* What the exercise asks
Write out the records in full, exactly as given, but without the images.

* Supplied records
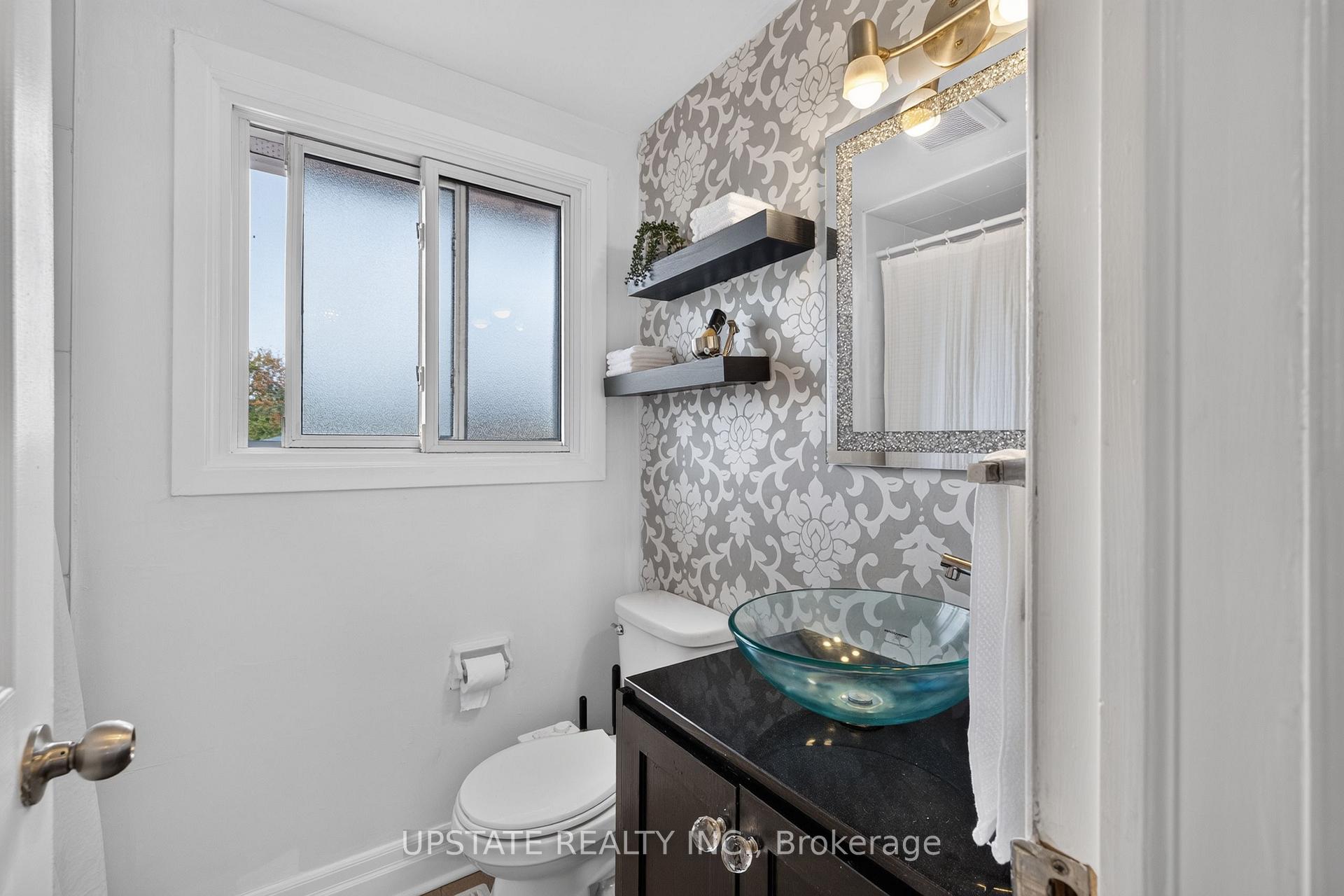 Photo 26 of 221 Cedarwoods Crescent, Kitchener, Vanier - Kitchener — HOMEH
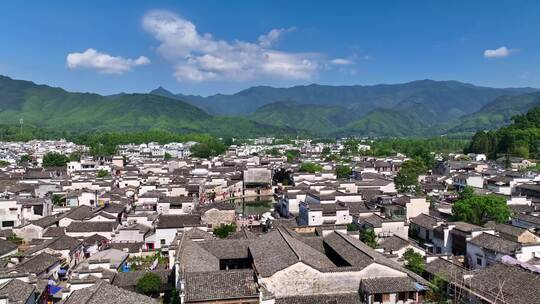 航拍中国传统水墨风安徽黟县宏村景区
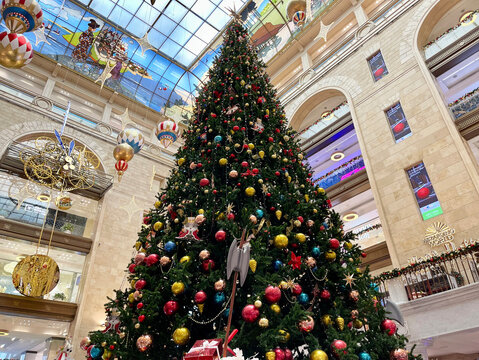 Moscow, Russia, December, 04, 2022.The interior of the central store "Detsky Mir" on Lubyanka during the New Year holidays. Moscow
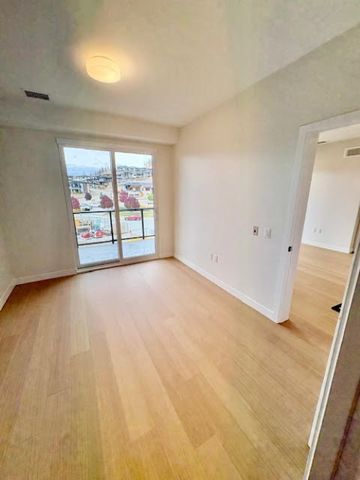 Corner Unit – Third Floor – ZARA - Photo 5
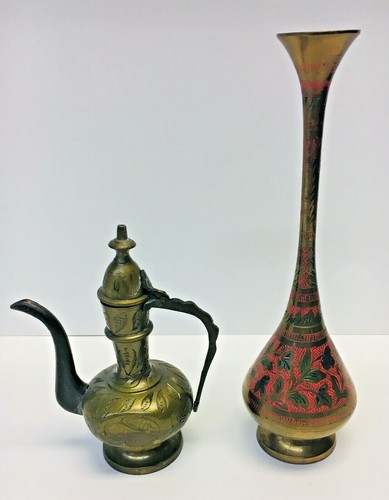 VINTAGE INDIA SMALL BRASS PITCHER EWER TEA POT HINGED TOP with BRASS ENAMEL VASE - Picture 2 of 12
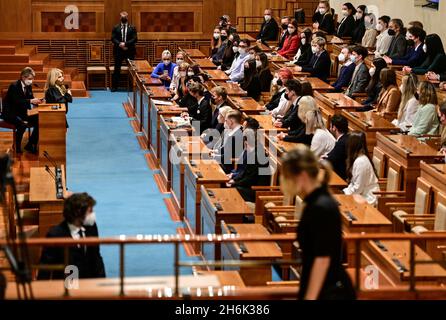 Prague, République tchèque.16 novembre 2021.Le Président slovaque Zuzana Caputova s'entretient avec des étudiants au Sénat tchèque, le 16 novembre 2021, à Prague, en République tchèque.Crédit : Roman Vondrous/CTK photo/Alay Live News Banque D'Images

* Reply
 Photo 26 of 221 Cedarwoods Crescent, Kitchener, Vanier - Kitchener — HOMEH
 航拍中国传统水墨风安徽黟县宏村景区
 Moscow, Russia, December, 04, 2022.The interior of the central store "Detsky Mir" on Lubyanka during the New Year holidays. Moscow
 Corner Unit – Third Floor – ZARA - Photo 5
 VINTAGE INDIA SMALL BRASS PITCHER EWER TEA POT HINGED TOP with BRASS ENAMEL VASE - Picture 2 of 12
 Prague, République tchèque.16 novembre 2021.Le Président slovaque Zuzana Caputova s'entretient avec des étudiants au Sénat tchèque, le 16 novembre 2021, à Prague, en République tchèque.Crédit : Roman Vondrous/CTK photo/Alay Live News Banque D'Images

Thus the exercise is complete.